After obtaining a University degree in Sciences while working full time in her own business, she discovered she’d grown up and now had the necessary determination, dedication and stamina to tackle her first novel. Though her first went through a London publisher she went indie with her second book, The Assassins’ Village in April 2011. This book was nominated and became the number one best book on Harper Collins Authonomy. Since then she’s not looked back and has had a wonderful and exciting new career, selling thousands of copies of her paperbacks and eBooks all over the world.
Faith says each part of the writing process as each has its own merits, but loves the exhilaration of hitting the afterburner when the writing takes off. “I suppose the most exciting part is when you have a whole day in which you’re brimming over with ideas and words and are just dying to have the house to yourself and get on with that writing. When the words flow, like a sports car racing along a major highway with no traffic jams – that is when life is just wonderful and I can go on and on and on!”
She knows readers really “get” her writing when she hears from them about how a particular passage touched or moved them. “Sometimes it can be a certain chapter, paragraph or even a simple line that stands out for them.”
Her Diana Rivers novels are mystery/suspense/psychological thrillers. She says she doesn’t write scenes with heavy and explicit gore. “Instead of going for the heavy bloodletting, flesh ripping, limb tearing etc. etc. I prefer to drip-feed my brutal scenes to my readers – keep it with just enough carnage without turning them off.”
In reading the works of other authors, Faith says she finds the over-use of American slang annoying. “It’s probably because I just don’t understand some Americanisms.

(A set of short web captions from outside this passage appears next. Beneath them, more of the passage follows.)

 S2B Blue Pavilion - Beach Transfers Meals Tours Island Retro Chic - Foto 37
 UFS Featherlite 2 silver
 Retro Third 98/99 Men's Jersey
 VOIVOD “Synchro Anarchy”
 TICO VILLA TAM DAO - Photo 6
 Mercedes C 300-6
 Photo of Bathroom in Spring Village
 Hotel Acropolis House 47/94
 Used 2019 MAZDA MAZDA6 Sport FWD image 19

How words are made up and become ‘common-speak’, almost by running two or even three words together. I know the spoken word is an evolving thing, but so often beautiful words and their true meaning are lost, which for me is a shame. So my pet peeve is to read a book which is full of slang. So full that I’m completely turned off and I throw it up in despair and decide not to carry on.”

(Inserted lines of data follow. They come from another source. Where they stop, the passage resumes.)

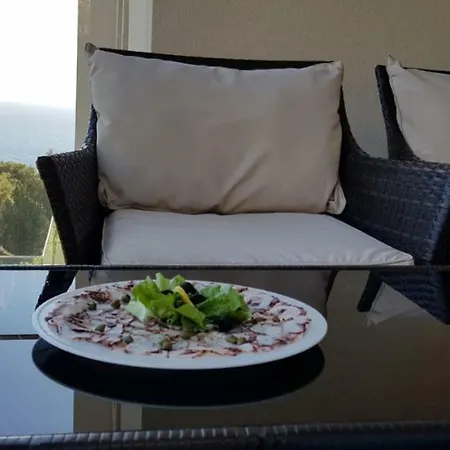 Apartamento Perla Hvar 3*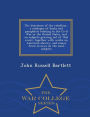 The literature of the rebellion: a catalogue of books and pamphlets relating to the Civil War in the United States, and on subjects growing out of that event, together with works on American slavery, and essays from reviews on the same subjects - War Co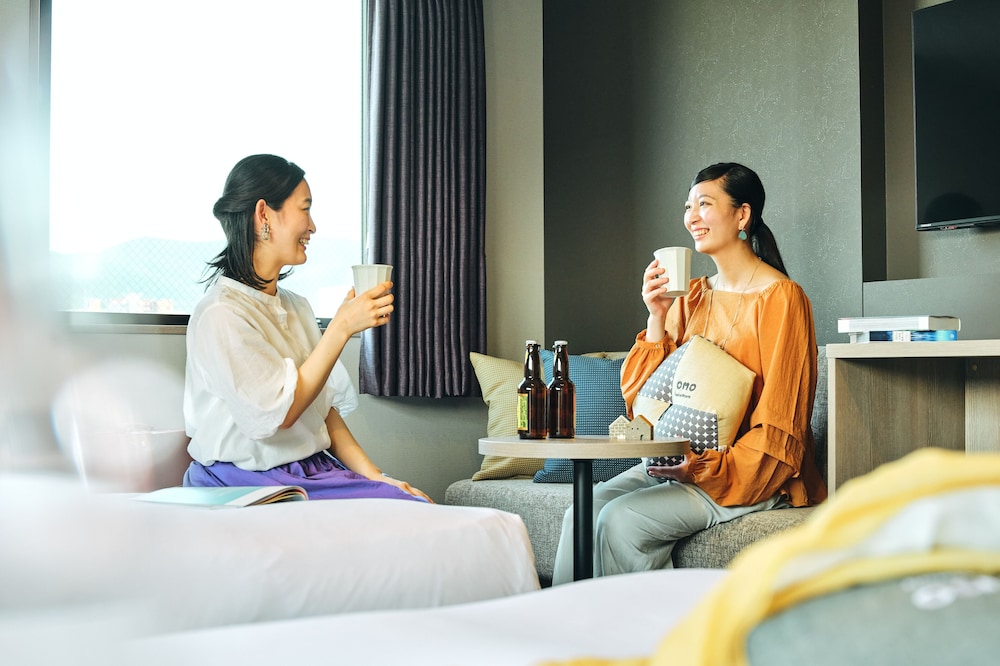 OMO5 小樽 BY 星野リゾート 札幌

As for the future of the publishing world, Faith says, “The publishing houses though really have to do some more homework if they want to remain in the picture in say, ten years’ time. I would think we are going to see less of the ‘traditional’ agents acting as intermediaries for publishing houses and perhaps see more of these people moving into areas where they actively market writers – especially those writers who are successful and yet do not want/have the knowledge to market themselves.”

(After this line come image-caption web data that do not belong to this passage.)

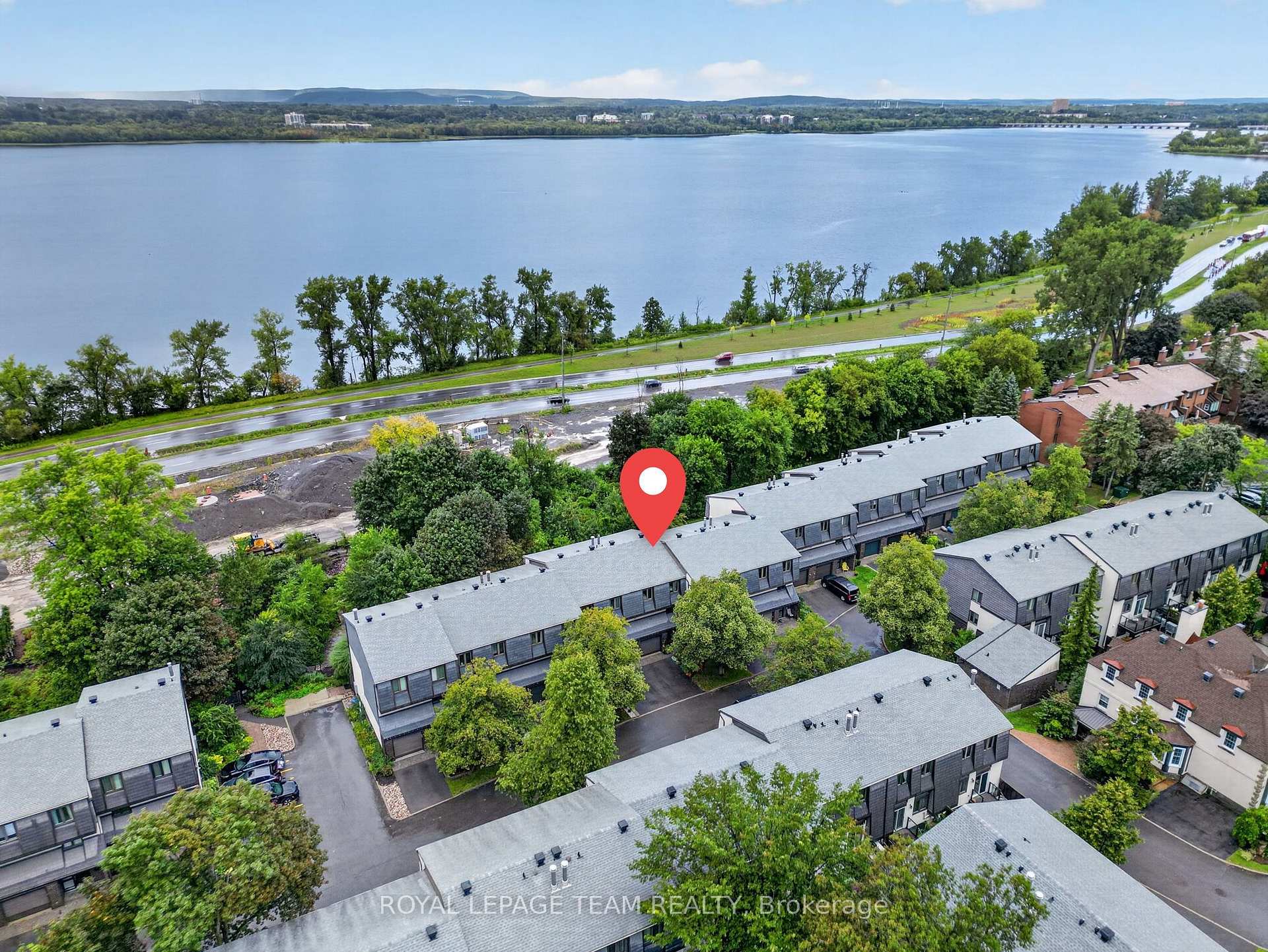 Photo 34 of Unit 30, 655 Richmond Road, Ottawa, Woodroffe — HOMEH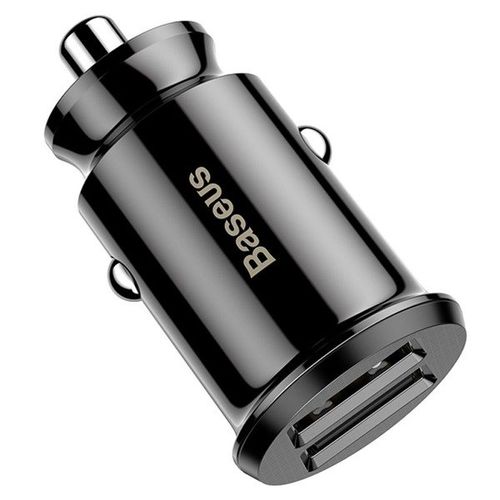 Ładowarka samochodowa USB Baseus GRAIN 3,1A na Arena.pl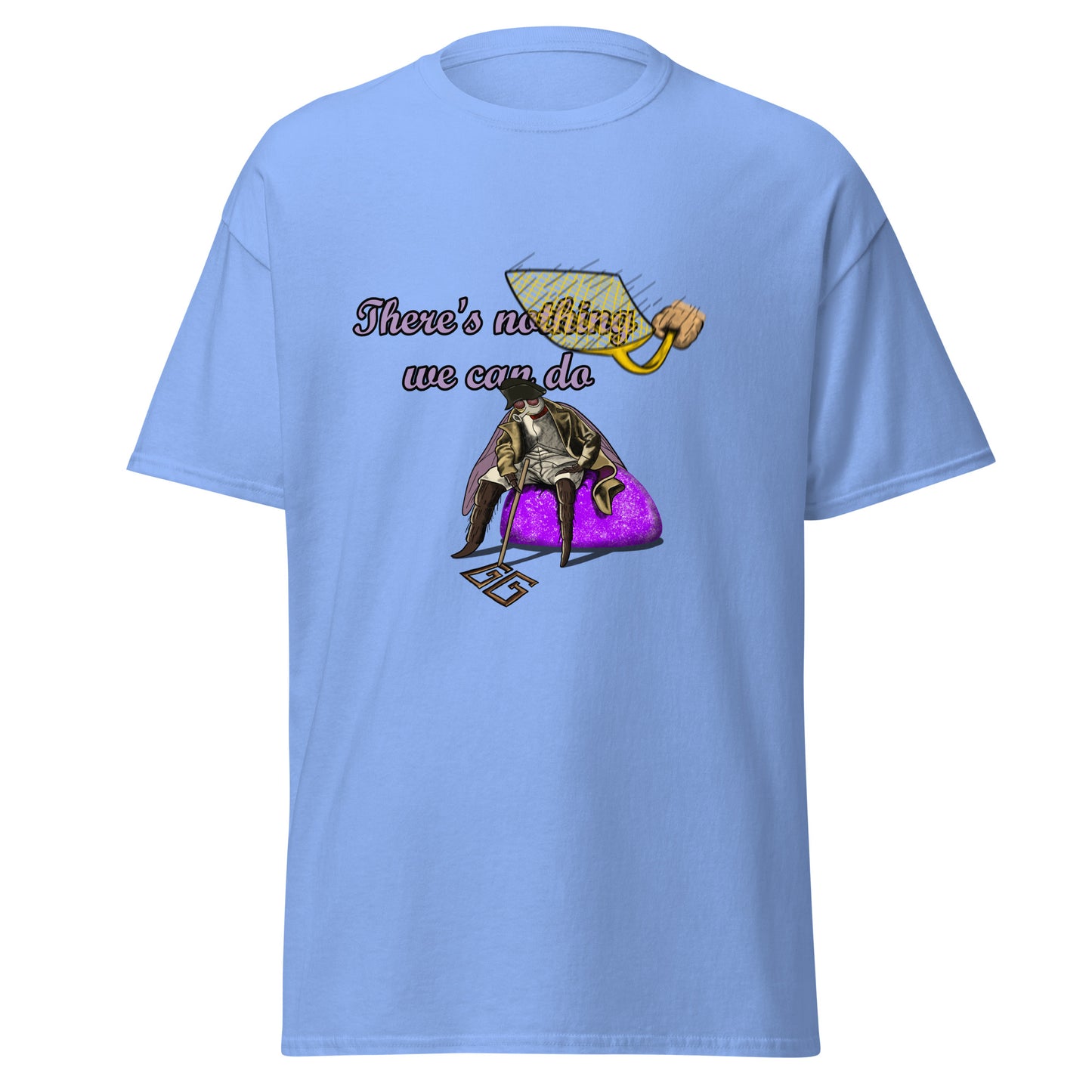 Napoleon Fly (Purple Gumdrop)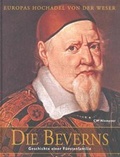 Cover: Die Beverns - CW Niemeyer Buchverlage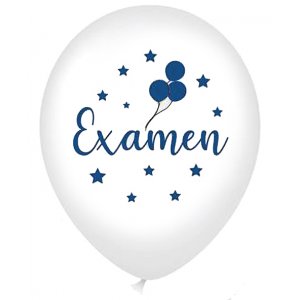 Ballonger - Examen - 6-pack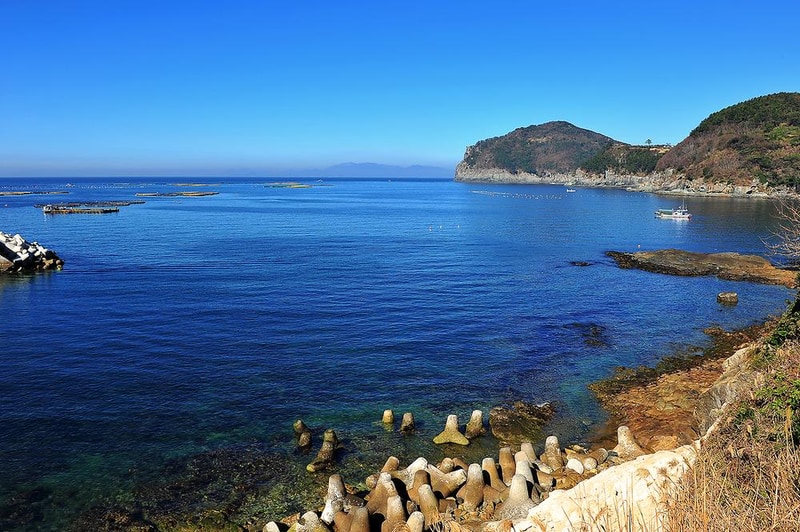 파라다이스 캠핑장 시설 사진 5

Faith says her author platform was built by trial and error. “When I had my first book published by a traditional publisher I hadn’t realised that they would not do any marketing. I had to do everything myself. Within months I was unhappy and looked around for another solution. I put off making my second book into an eBook for nearly a year – I was confused, ignorant and a bit embarrassed by ‘self-publishing’ because over the years almost everyone said how ‘bad’ it was and only useless books were self-published. How wrong was that?! However, once I took the plunge, joined some groups on Facebook, learnt about Twitter and set up a website I was well on my way. I now have 6 books published with another two to hit Amazon this year. I think making lots of good close friends and helping them when they get stuck has helped enormously. Friends are your best allies and if they like your product they’ll tell all their friends about you. Keep your fan-base sweet and happy!”